X-Ray Flashes and X-Ray Counterparts of Gamm-Ray Bursts

摘要

The brightest transients in the sky, Supernovae and Gamma-Ray Bursts, are associated with the collapse of cores of massive stars. They shine in the optical and in the gamma-ray sky. On theoretical grounds one would expect to see similar events in the x-ray and ultra-violet sky. Here we summarize recent observational evidence demonstrating the existence of X-ray bursts, termed X-ray Flashes (XRFs). We argue that they are most likely very large explosions on a cosmological distant scale, similar to Gamma-Ray Bursts (GRBs). They may either be highly redshifted GRBs, GRBs viewed at a large angle or another geometrical effect.

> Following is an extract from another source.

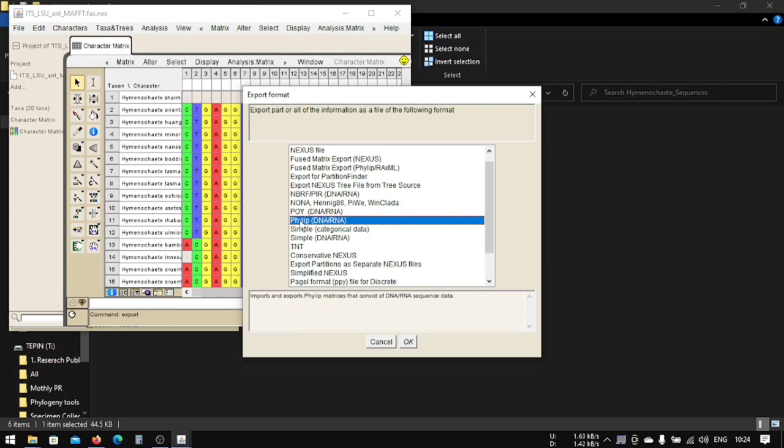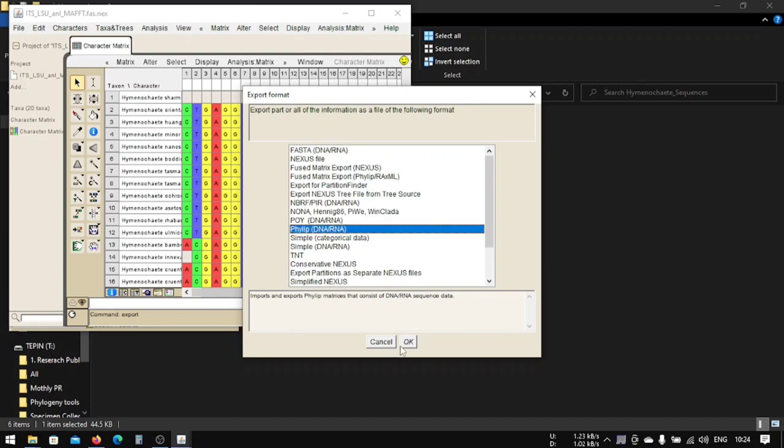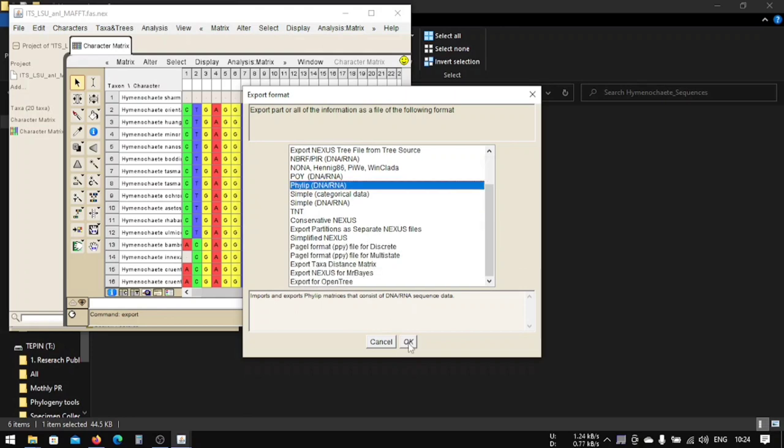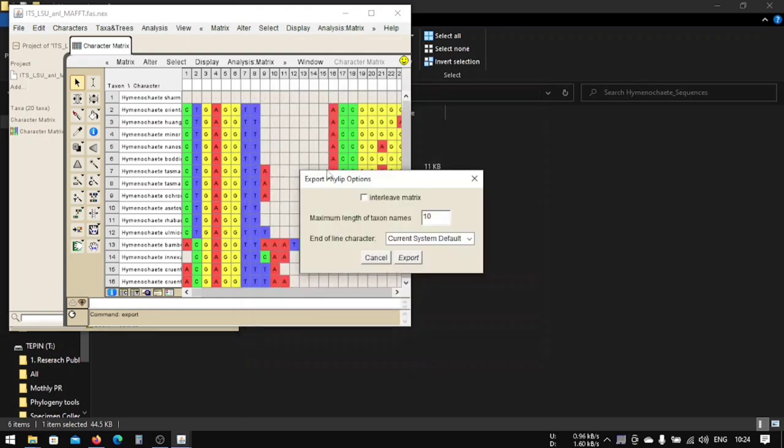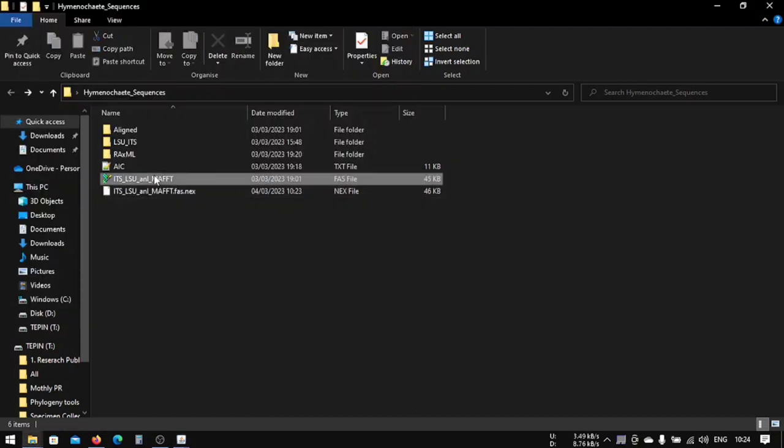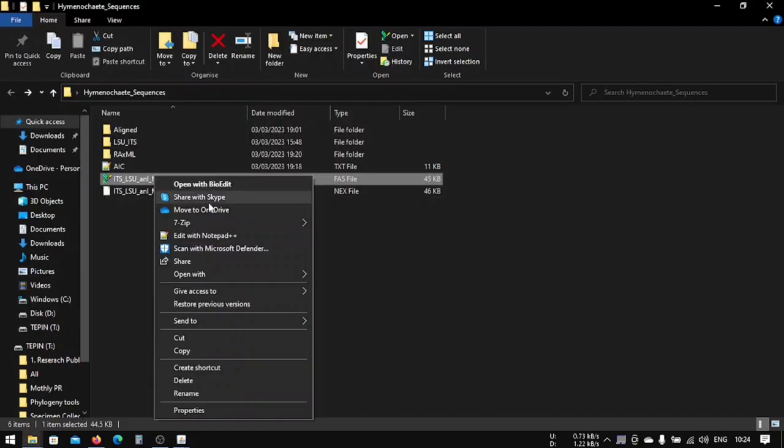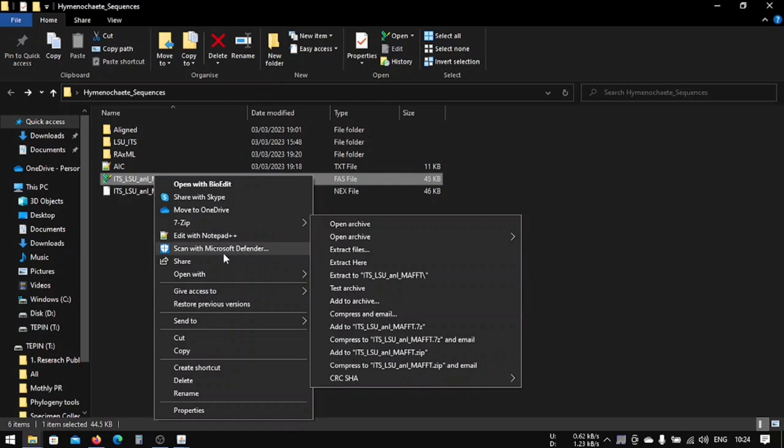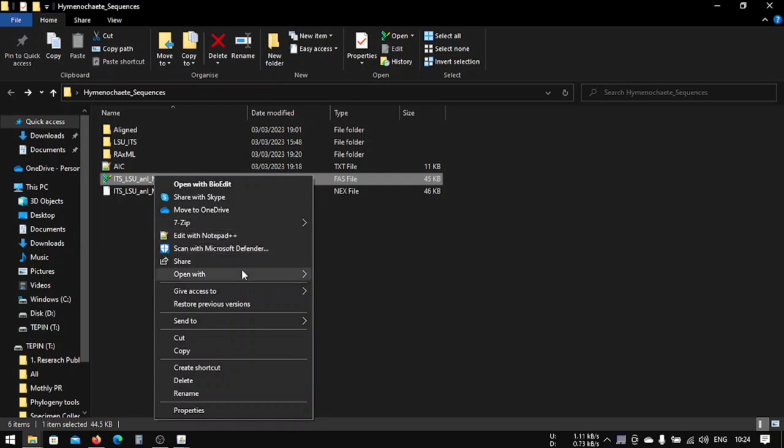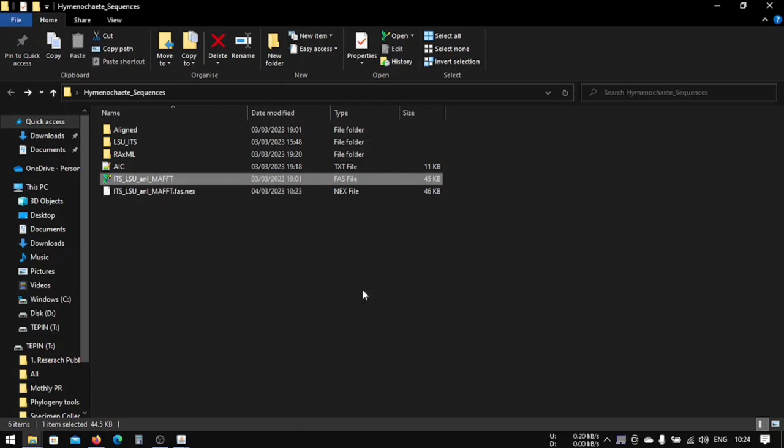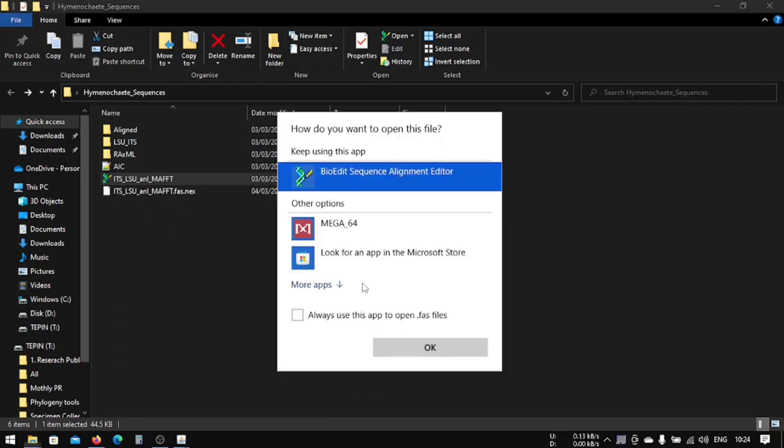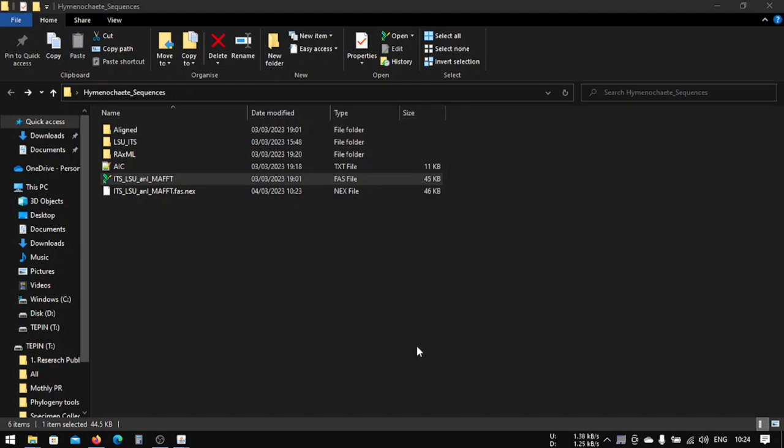That is our phylip file here. Since our sequence is DNA, we will choose this phylip DNA and RNA. Now we will press OK, and it will ask the length of our taxon name. We can also check it from here. Open with BioEdit.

Or they may be a new type of cosmic explosion expanding mildly relativistically, much larger than the initial expansion of supernova remnants, but less than the extreme relativistic cosmic fireballs of Gamma-Ray Bursts. The ratio of the energy contained in the X-ray part (2-10 keV) of Gamma-Ray Bursts to the y-range (50-350 keV) varies widely. GRBs for which this fraction is typically more than half, are referred to as X-ray Rich GRBs. The new class of x-ray transients, the X-ray Flashes, show a further extension of this ratio to above 1, where most of the energy is contained in the x-ray range. They have properties similar to the X-ray counterpart of GRBs, but do not trigger Gamma-Ray Burst experiments since they are not detected in the gamma-ray range above typically 100 keV. X-ray Flashes nevertheless appear to be related to Gamma-Ray Bursts. Observationally X-ray Flashes are found as a subset of Fast X-ray Transients, which have been seen by almost all x-ray satellites. Their nature has remained unclear in most cases. It was generally assumed that the origin of FXTs is a mixture of detector artifacts and several types of astronomical events, including coronal emission from late type stars. Using the Wide Field camera on board BeppoSAX we have made a systematic study of FXTs and identify at least two types on the basis of their duration. The subset with a typical duration of order an hour contain identifications with active coronal sources. The other subset which last typically of the order of minutes, are the X-ray Flashes. A recent X-ray Flash, XRF011030 or SAX J2043.6+7717 is shown to be associated with an afterglow in the radio and in the X-ray range and thus demonstrates the relation with a cosmic explosive event, which may very well be a new type of cosmic explosion associated with stellar collapse.